# possible breeding



## delta (Jul 23, 2004)

well in the last 2 weeks ive noticed my 2 biggest natt's getting darker and the one def started gettin bigger in belly area. They also started chewing at the gravel in one spot (nest building i think) and they have shoved the 3rd natt into the corner of tank.
But i got home this morning and they have lightened up (overnight). I have no eggs so did they spawn and eat em or was it kind of a false breed? i was just curious as they showed all the signs of breeding but then nothing
oh yeah the 2 biggest also were doin the breeding dance just like what i saw in breeding vid.
any ideas? will it happen again if they did breed?
thanks


----------



## Davo (Jan 29, 2004)

happened to me many a time. Don't worry they should be at it soon. I think this could happen if the conditions in the tank chage drastically for any reason.


----------



## delta (Jul 23, 2004)

thanks davo 
should i do h2o changes when they are doing this like normal (once they started i didnt do a h2o change every wk like normal cuz i was afraid of breaking it up)
nothing was abnormal about the h2o all tested good


----------



## mantis (May 16, 2003)

IME spawning was always triggered by a water change thurs or fri, then deal with the eggs on the weekend.

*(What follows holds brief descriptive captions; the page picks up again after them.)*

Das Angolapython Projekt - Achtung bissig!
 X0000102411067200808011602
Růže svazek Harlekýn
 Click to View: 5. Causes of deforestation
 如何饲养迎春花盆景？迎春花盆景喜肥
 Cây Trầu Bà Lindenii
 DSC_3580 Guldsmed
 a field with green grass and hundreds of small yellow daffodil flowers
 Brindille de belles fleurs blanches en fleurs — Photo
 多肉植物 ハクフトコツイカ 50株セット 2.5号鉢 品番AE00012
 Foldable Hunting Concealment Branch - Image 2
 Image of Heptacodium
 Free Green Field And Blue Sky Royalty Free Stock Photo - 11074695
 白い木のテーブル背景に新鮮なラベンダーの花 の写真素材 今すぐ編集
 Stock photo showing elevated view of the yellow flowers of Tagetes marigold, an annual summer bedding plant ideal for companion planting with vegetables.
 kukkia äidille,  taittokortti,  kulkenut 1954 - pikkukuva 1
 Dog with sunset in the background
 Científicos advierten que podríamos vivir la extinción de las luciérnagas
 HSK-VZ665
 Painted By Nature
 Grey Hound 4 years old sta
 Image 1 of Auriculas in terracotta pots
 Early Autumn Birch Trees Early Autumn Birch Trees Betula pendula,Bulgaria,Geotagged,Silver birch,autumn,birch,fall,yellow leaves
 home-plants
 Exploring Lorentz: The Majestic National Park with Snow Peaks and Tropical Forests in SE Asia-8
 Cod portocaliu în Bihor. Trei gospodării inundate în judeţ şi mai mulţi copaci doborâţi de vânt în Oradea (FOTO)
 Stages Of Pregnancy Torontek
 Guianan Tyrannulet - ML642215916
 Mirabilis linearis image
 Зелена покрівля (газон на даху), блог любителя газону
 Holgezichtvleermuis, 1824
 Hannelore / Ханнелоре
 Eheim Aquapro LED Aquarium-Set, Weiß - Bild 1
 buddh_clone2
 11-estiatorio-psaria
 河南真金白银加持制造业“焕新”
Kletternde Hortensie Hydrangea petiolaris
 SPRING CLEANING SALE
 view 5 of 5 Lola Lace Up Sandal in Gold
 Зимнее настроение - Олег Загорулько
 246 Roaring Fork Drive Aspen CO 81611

It sounds promising, Good luck, and keep us posted


----------



## delta (Jul 23, 2004)

well it took em long enough but as of tonight i got eggs


----------



## CROSSHAIR223 (Jan 17, 2005)

CONGRATS! Incase you don't know don't freak when all the eggs disapear. Mine always did and in around 2-3 days you'll come home and the tank will be loooooooooooaded!


----------



## delta (Jul 23, 2004)

oh yeah i got hundreds of lil swimmers now and i dont know what to do w em all lol the 30gal aint gonna last long so i think a new 55 will be commin home tomorow.


----------



## CROSSHAIR223 (Jan 17, 2005)

shoot, the 30gal will do just fine. Lol don't fall into the idea that most people get when they first get eggs then fry. ALOT of them will die, more than you expect...lol trust me. Takes a while to get the survival % up. I'd look into getting some vinegar eels quick or making them yourself. Just ask if you don't know how to make'em.


----------